Following weeks of Rukai sleeping through a full twelve hours at night, the one night I go to bed über late he awakens after eight. I arise after my own scant four hours and lo and behold he is a non-stop action man, like GI Joe on Red Bull and Laffy Taffy. Like Bear Grylls at the top of a cliff with a buffalo carcass draped over his shoulder and ready to rappel. The usual nap times fade into no more than fantasy, like the shat-in sleepsuits I've washed fourteen thousand times. I am on the run all day.
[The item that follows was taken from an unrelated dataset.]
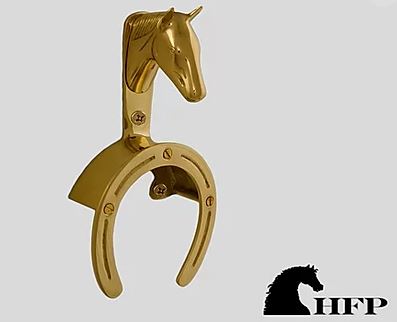 Brass Horsehead Hook with Two Hooks – Oak Manor Saddlery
Where did I put that wine?
Also.
'Oh you are SO lucky! February is the perfect time to have a baby. You will be able to go out and about all summer.'
This is what they said. What they could not predict is that we'd have the worst June since records began and once we did get out, I'd have one of those kids who cannot handle big wind just yet and squirms around like a greased eel when I take him outside. Then he lines up the 'air raid siren' shriek and fires away, clearing a path for 200 feet in every direction, felling trees, de-feathering pigeons. I turn around and race back inside, lest the neighbors think I am torturing him. I can only hope he grows out of it before it gets cold again.
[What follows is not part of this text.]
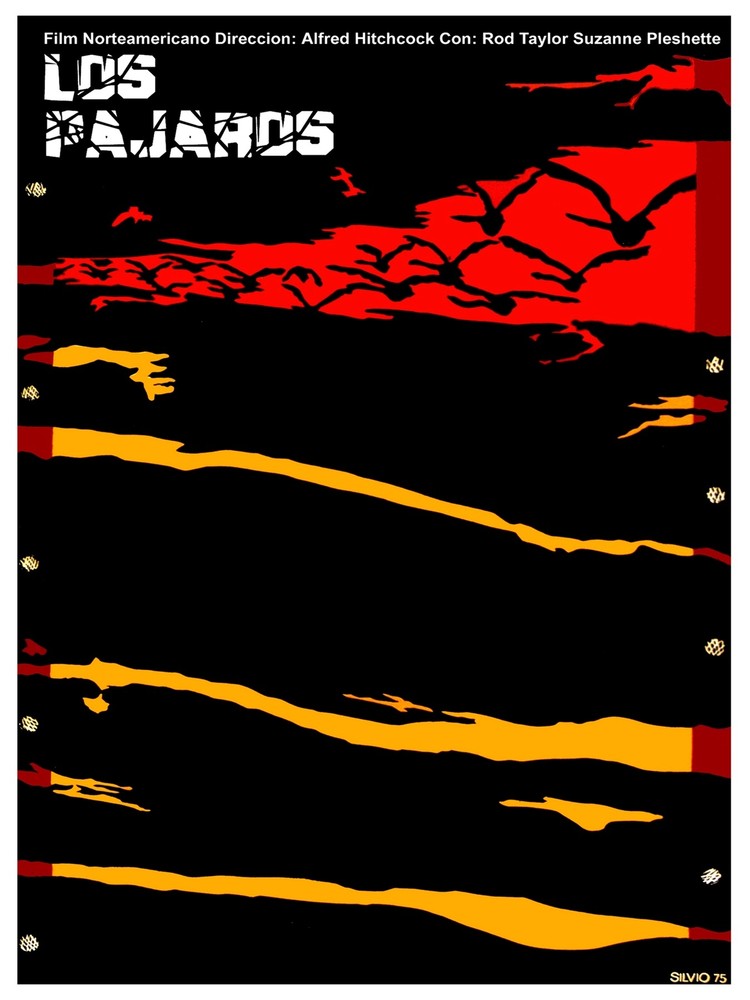 Los pajaros, Birds American film Decor Poster.Graphic Art Interior design.3704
Oh wait, that may be tomorrow. It IS England after all.
And to hell with curry, it is WIND that surely is Britain's favorite food. I say food because you really cannot help swallowing the debris that is constantly flying around in it. So while lucky bubba gets packed up in his 'baby Ferrari' with the swizzy rain cover and enjoys a debris-free, mellow ride, I end up covered in small bits of bark, takeaway menus and week old copies of Metro.
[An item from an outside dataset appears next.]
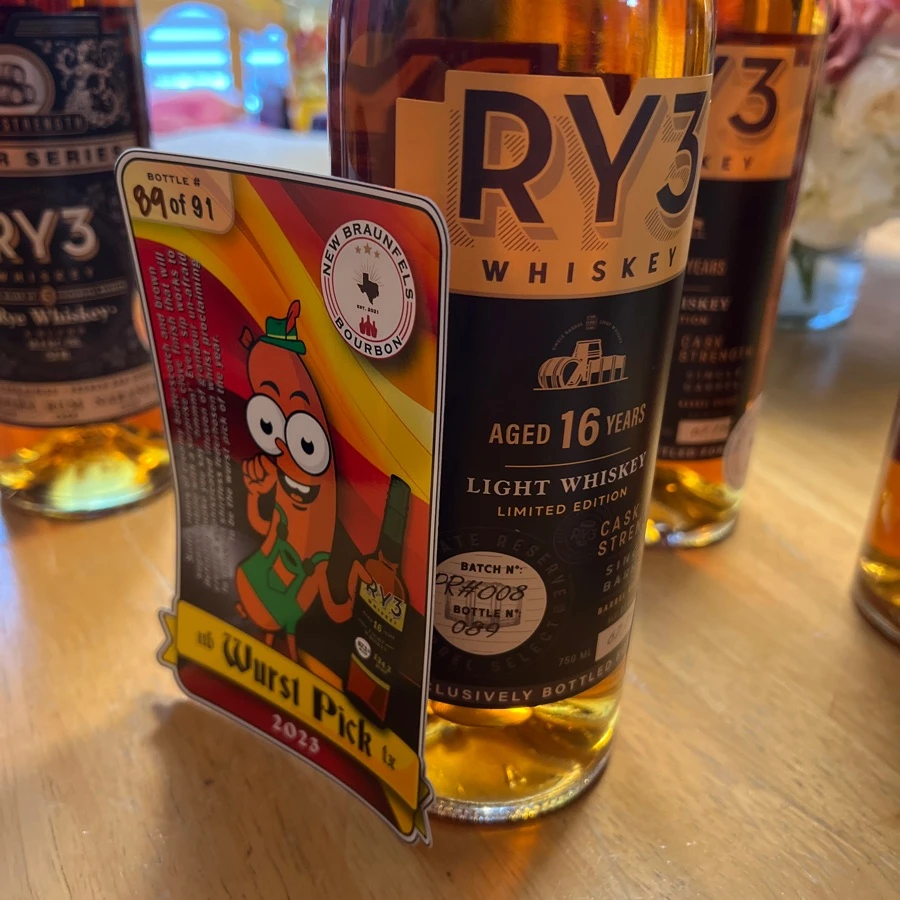 RY3 Whiskey Aged 16 Years Light Whiskey Limited Edition Cask Strength Single Barrel Barrel Select Batch No: PR#008 (New Braunfels Bourbon)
But as you do, we have to go out sometimes. Not really because we need to be anywhere but mostly because going out is the only way to get him to nap. I tell you, that big spend on a swish pram was the best thing we did. In fact, I may see if we can special order an adult sized one. I'll hop in that sucker and get T to take me around this weekend cos I could sure use a nap of my own.
And.
The magic formula has turned 'le shit' the most remarkable shade of green. Time to upgrade the wardrobe again since that will be disastrous if scattered across all those yellow clothes. But then too, maybe it would turn into camoflauge. Wait, not a good idea, particularly in THIS house. I haven't bought the Lo-jack yet.
Finally.
Why is it that just when you've taken him out of the bath, applied spackle...er...cream, lovingly dressed and prepped for a cuddle, that a full day's worth of baby constipation decides it's time to make an appearance? Followed by the most beaming, delightful grin imaginable from up the other end.
I'm pretty convinced he's laughing at me, I'm sure of it. I must locate the baby phone where he's receiving the texted 'play book' from his pals. They're in it together. It's a plot. It's got to be.
Somebody call the SAS, I think I'm going to need commando training for this.